ORFEO Y LA ESPERANZA

Orfeo, el hijo del dios promiscuo (y cual no lo era), pero también del de las artes, la música y la poesía (promiscuas también, a dios gracias), es conocido por su dominio de la voz y de la lira de tal manera que “trasse al suo cantar le fere e servo fe’l’inferno a sue preghiere”, pero también por soportar la duda y el sufrimiento de la reiterada pérdida, ha corrido a cargo del barítono austriaco Georg Nigl, con voz clara y expresiva, junto a un cuidado dominio de los matices que hacen rico el desarrollo de algunos de sus números como “Dove, ah Dove ten’ vai” o el siguiente “Possente spirto”, responsable del primero es la sutil y sentida “Ecco l’altra palude” de la Esperanza que en cuerpo y alma le da vida Charlotte Hellekant, soprano sueca de bella frase, a la que sus aciertos hacen perdonables algunas matizaciones no del todo apropiadas, junto a la responsable de todo el drama, la soprano francesa Julie Roset, conocida ya por la grabación discográfica realiza con el mismo director, Leonardo García Alarcón, responsable de estas representaciones, dibuja su personaje, haciendo doblete con el de La Música, acertadamente. Caronte, a cargo del bajo norteamericano Alex Rosen, resuelve su papel con seriedad y profundidad, así como el dúo formado por la mezzosoprano sueca Luciana Mancini y el bajo barítono alemán Konstantin Wolff, en los papeles de Proserpina y Plutón, herederos de la Perséfone y el Hades griegos, con el timbre de voz oscuro, que no opaco, pero lleno de música de la mezzosoprano y el más quedo y menos acertado del Hades raptor. En el papel de Apolo escuchamos al barítono murciano Julián Millán, que también escenifica al Eco y a Pastor 4, en todos ellos con resultados notables, como su interpretación durante el último acto desde el centro del pasillo del patio de butacas. Mención aparte merece también el contratenor uruguayo Leandro Marziotte que, en sus papeles de Pastor 2 y Espíritu, hizo las delicias de una buena interpretación que empastó con el cuerpo sonoro de sus compañeros, la soprano belga Cécile Kempenaers como Ninfa y Pastor 1, el tenor suizo Fabio Trümpy como Pastor 3, el bajo barítono neerlandés Hans Wijers y el tenor alemán Florian Feth, que funcionaron como un conjunto variable con resultados gratos para el respetable.

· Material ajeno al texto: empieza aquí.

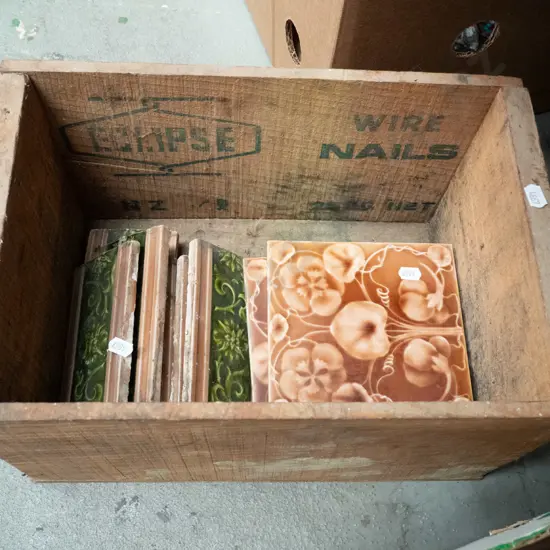 wooden crate and fire register tiles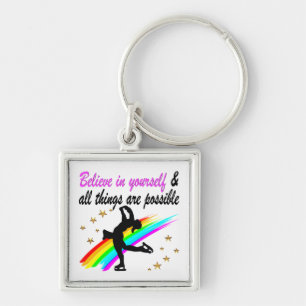 FOLLOW YOUR FIGURE SKATING DREAMS DESIGN KEYCHAIN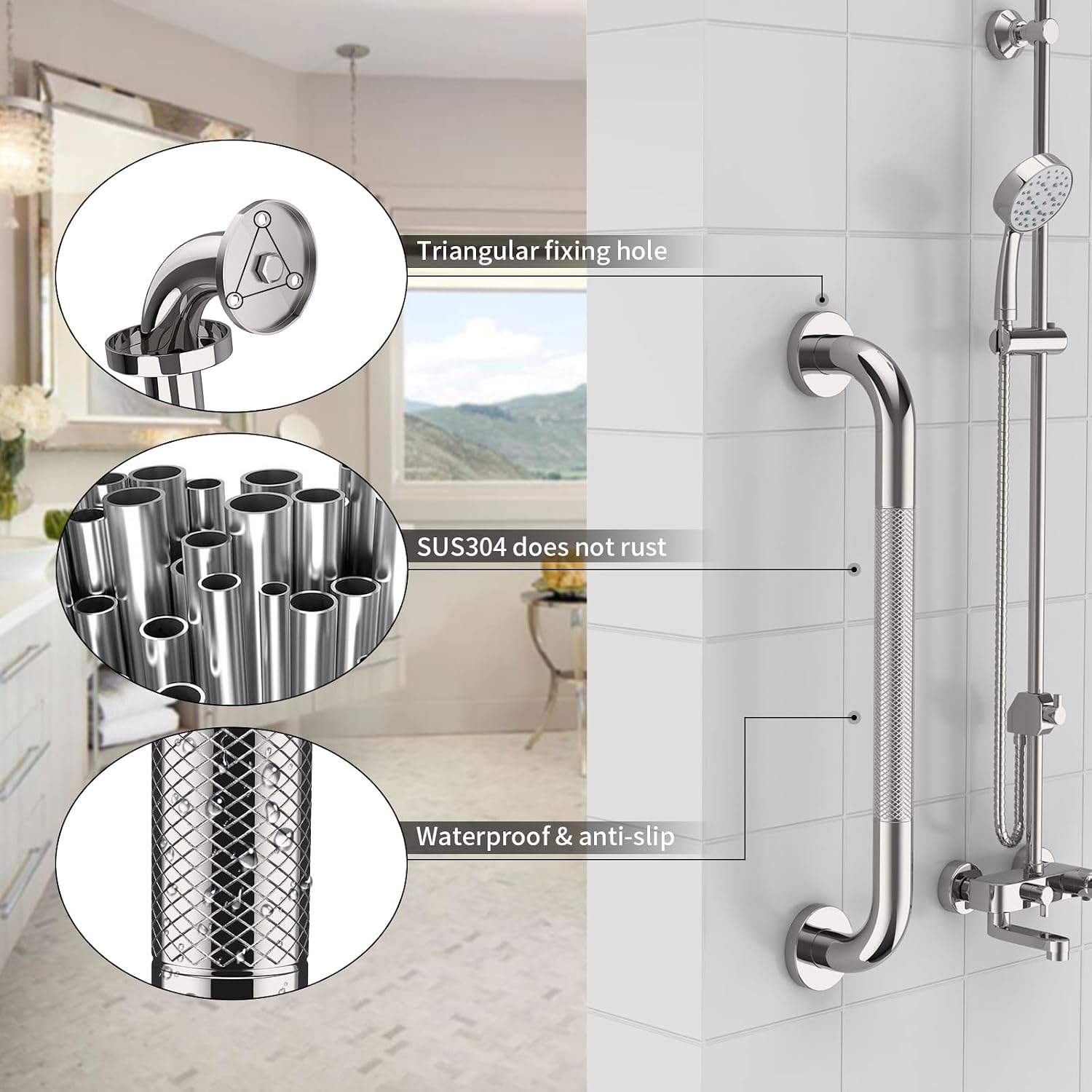 Munzong 3 Pack Commercial Handicap Grab Bars 18" 36" 42" Brushed Nickel | Bathroom Grab Bar for Shower 1.25" Diameter Anti Slip Bathroom Balance Bar Safety Hand Rail for Elderly Injury Senior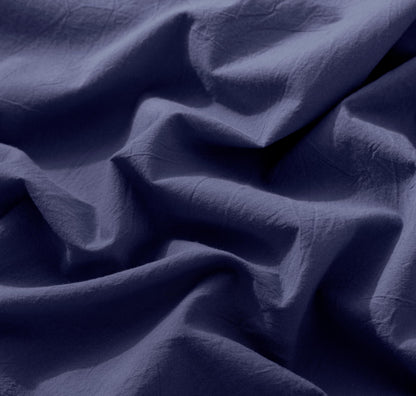 MooMee Fitted Bottom Sheet Only 100% Washed Cotton Linen Like Textured Breathable Durable Soft Comfy Deep Pocket Fits Mattress up to 17" (Dark Blue, Queen)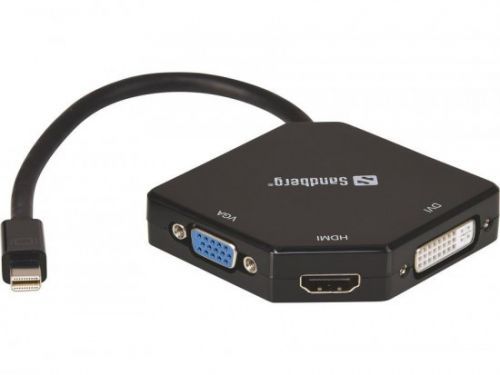 Sandberg Adaptér MiniDP > HDMI+DVI+VGA, 509-12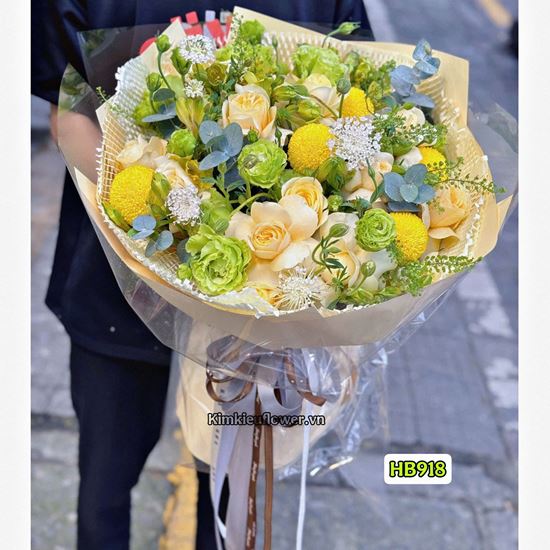 Bó hoa tone vàng, xanh lá - HB918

Hay que destacar en todos ellos el doble esfuerzo de cantar como lo hicieron, a la vez que se les obligó a determinadas coreografías, que independientemente del efecto visual, no eran el objetivo buscado por Claudio Monteverdi, y que en otras voces podrían haber provocado grandes perturbaciones.

(©Javier del Real)

LEONARDO GARCÍA ALARCÓN

Hay que reconocer al director suizo-argentino Leonardo García Alarcón un trabajo de muy altas miras, con resultados acordes a la intención, donde además de la versión musical también dominó el clavicémbalo y el órgano positivo a los que estuvo en la primera y segunda parte de la representación respectivamente, en la que consiguió unos resultados plenos y brillantes de una fabulosa agrupación como la Freiburger Barockorchester compuesta por instrumentos originales y de la que habría que destacar a todos sus miembros, desde los trombones o sacabuches hasta los laudes, no quiero pasar sin mencionar la delicada interpretación de la arpista Sara Águeda Martín, ya sea dentro del conjunto como a solas y exenta al mismo, tal cual el dúo inicial con La Música. A la par el excelente conjunto vocal que es el Vocalconsort Berlin, demostrando conocer bien el repertorio que ofrecen.

En un tiempo de caras enfurruñadas y voces grotescas, muy fuera de tono, el respeto y el amor, aún tras la más grande de las desgracias reiterada, se infiltró en las venas del público asistente para acabar, en un acertadísimo y logrado final, bailarines, cantantes, músicos y director de orquesta bailando la esperanzadora “moresca” sobre las tablas en un alegato al amor y la convivencia.